On 2017-11-09 12:47 PM, J. Bruce Fields wrote:
> On Wed, Nov 08, 2017 at 06:40:22PM -0800, Linus Torvalds wrote:
>> Anyway, that cmovne noise makes it a bit hard to see the actual part
>> that matters (and that traps) but I'm almost certain that it's the
>> "mnt->mnt_sb->s_flags" loading that is part of calculate_f_flags()
>> when it then does
>>
>>      flags_by_sb(mnt->mnt_sb->s_flags);
>>
>> and I think mnt->mnt_sb is NULL. We know it's not 'mnt' itself that is
>> NULL, because we wouldn't have gotten this far if it was.
>>
>> Now, afaik, mnt->mnt_sb should never be NULL in the first place for a
>> proper path.

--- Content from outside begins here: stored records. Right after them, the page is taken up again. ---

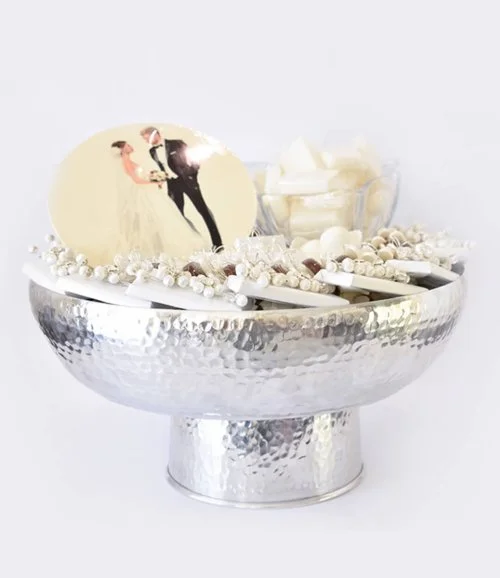 Customizable Luxurious Wedding / Engagement Chocolate Tray by Victorian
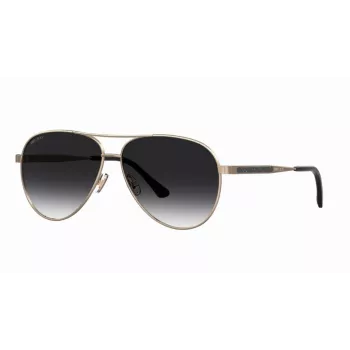 JIMMY CHOO JIMENA-S-2M2 Damen eckige Acetat-Sonnenbrille Havana Braun Verlauf 60/12/145 mm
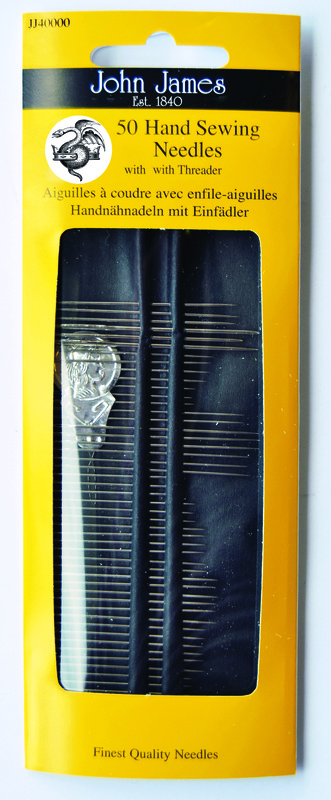John James 50 sewing needles and threader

And the vfs_statfs() code itself hasn't changed in a
>> while.
>>
>> Which does seem to implicate nfsd as having passed in a bad path to
>> vfs_statfs(). But I'm not seeing any changes in nfsd either.
>>
>> In particular, there are *no* nfsd changes in that 4.13.8..4.13.11
>> range. There is a bunch of xfs changes, though. What's the underlying
>> filesystem that you are exporting?
>>
>> But bringing in Al Viro and Bruce Fields explicitly in case they see
>> something. And Darrick, just in case it might be xfs.
> 
> Looking at https://lkml.org/lkml/2017/11/8/1086 for the actual oops...
> 
> It doesn't remind me of any known issue.
> 
> So either I'm overlooking something or the bug's elsewhere.
> 
> It sounds like you're varying *only* the server version, so there's not
> much chance that this could be triggered by changes in client behavior?
> 

We are definitely only varying the kernel on the server, nothing on the
client side is changing. The client in this case is essentially an
embedded device that we do not have a whole lot of control over.